La question revient systématiquement, et la réponse n'est pas idéologique. Un iPaaS (plateforme d'intégration avec connecteurs préconfigurés) fait très bien le travail quand il s'agit de câbler deux systèmes standards sur des flux simples et bien balisés : time-to-market rapide, maintenance déléguée.

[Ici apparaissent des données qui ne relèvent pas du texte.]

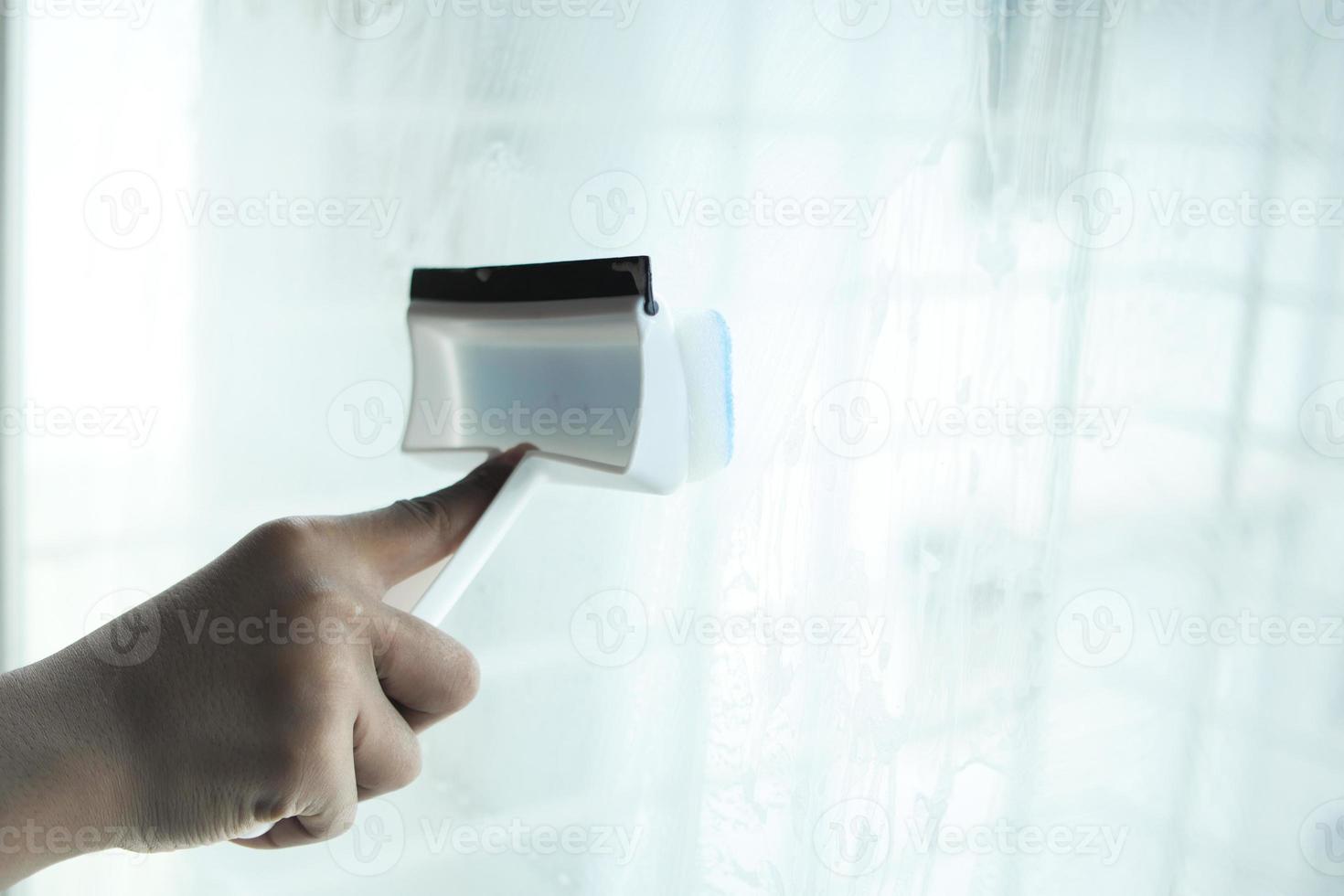 person hand cleaning window glass with brush photo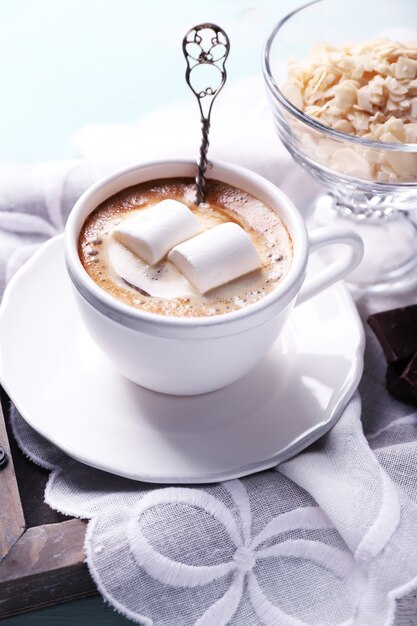 Heiße Schokolade mit Marshmallows im Becher, auf farbigem Holzhintergrund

Le sur-mesure s'impose dès qu'il y a de la logique métier riche — règles de prix conditionnelles, gestion fine des promotions, contraintes de conditionnement —, plusieurs sources à réconcilier, ou une véritable orchestration des commandes (OMS) entre entrepôts et canaux. C'est typiquement le terrain d'un connecteur Magento sur mesure ou d'un connecteur entre Magento et les marketplaces, là où les connecteurs génériques atteignent vite leurs limites. Les deux approches ne s'excluent d'ailleurs pas : on peut réserver le sur-mesure aux flux à forte valeur métier et laisser un iPaaS gérer le reste.
Comment cadrer et chiffrer un projet d'intégration
La meilleure garantie contre les mauvaises surprises n'est pas technique : c'est une phase de cadrage sérieuse en amont. Elle consiste à répondre méthodiquement à quelques questions pour chaque échange.
- Lister les flux un par un — catalogue, stocks, prix, promotions, commandes, statuts d'expédition, clients — plutôt que de parler d'« une » synchronisation globale.
- Qualifier la source et la cible : l'ERP expose-t-il une API, des exports, une base ? Sait-il émettre des événements ? Quelles sont ses vraies capacités, pas celles de la plaquette.
- Définir la contrainte de fraîcheur par flux : temps réel pour le stock, horaire pour les prix, nocturne pour les fiches.
- Estimer la volumétrie : nombre de références, de commandes par jour, pics saisonniers. C'est ce qui tranche entre full et delta.
- Prévoir la gestion des anomalies : que fait le système quand une donnée est invalide, qu'un service est indisponible, qu'un delta est manqué ?
Un connecteur standard peut suffire quand les systèmes sont courants et les flux simples — c'est l'objet de mes connecteurs ERP ↔ Magento. Mais c'est le cadrage, flux par flux, qui révèle s'il faut ce niveau d'intégration ou un développement plus poussé. Ce travail d'analyse préalable coûte quelques jours ; il évite des semaines de correctifs et des surventes en production.
En résumé
Synchroniser un ERP et un e-commerce, ce n'est pas recopier des stocks : c'est concevoir un système distribué cohérent, choisir un pattern (pull, push ou event-driven) adapté à chaque flux, arbitrer entre full et delta, garantir l'idempotence et, surtout, superviser l'ensemble pour détecter les pannes avant les clients. Les projets qui réussissent sont ceux qui ont pris le temps de cadrer chaque flux au lieu de traiter « la synchro » comme un détail technique.
C'est exactement l'approche que je privilégie : partir des flux réels et de leurs contraintes, puis choisir entre connecteur standard et développement sur mesure. Vous avez un projet de connexion entre votre ERP et votre boutique, ou un flux existant qui casse silencieusement ? Parlons-en.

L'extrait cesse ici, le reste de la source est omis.